Colostethus | |
---|---|
Colostethus fraterdanieli | |
Scientific classification | |
Kingdom: | Animalia |
Phylum: | Chordata |
Class: | Amphibia |
Order: | Anura |
Family: | Dendrobatidae |
Subfamily: | Colostethinae |
Genus: |
Colostethus Cope, 1866 |
Diversity | |
20 species (see text) | |
Synonyms | |
Prostherapis Cope, 1868 |
Prostherapis Cope, 1868
Colostethus is a genus of poison dart frogs native to Central and South America, from Panama south to Colombia, Ecuador, and northern Peru.

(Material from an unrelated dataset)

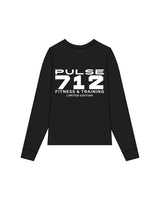The Womens Long Sleeve - Black - Pulse 712 - Center Back Stacked - Printed - White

Their common name is rocket frogs, but this name may refer to frogs in other genera and families, following the taxonomic revision of the genus in 2006.
Colostethus was found to be "rampantly nonmonophyletic" in the taxonomic revision of poison dart frogs published in 2006. Before the revision, it had 138 species, but this was reduced to 18 species, after the former Colostethus were distributed among eight genera in two families, that is, in Dendrobatidae and in the newly established family Aromobatidae (e..g., Anomaloglossus). Within Dendrobatidae, many former Colostethus species were moved to Hyloxalus, while three were moved to the new Silverstoneia genus. Nevertheless, Colostethus is still considered paraphyletic because some Colostethus are more colosely related to Ameerega than to other Colostethus.
Dorsal colouration is cryptic, brown. A pale oblique lateral stripe is present (but may be broken or incomplete). Dorsal skin is granular posteriorly. In adult males, third finger is swollen.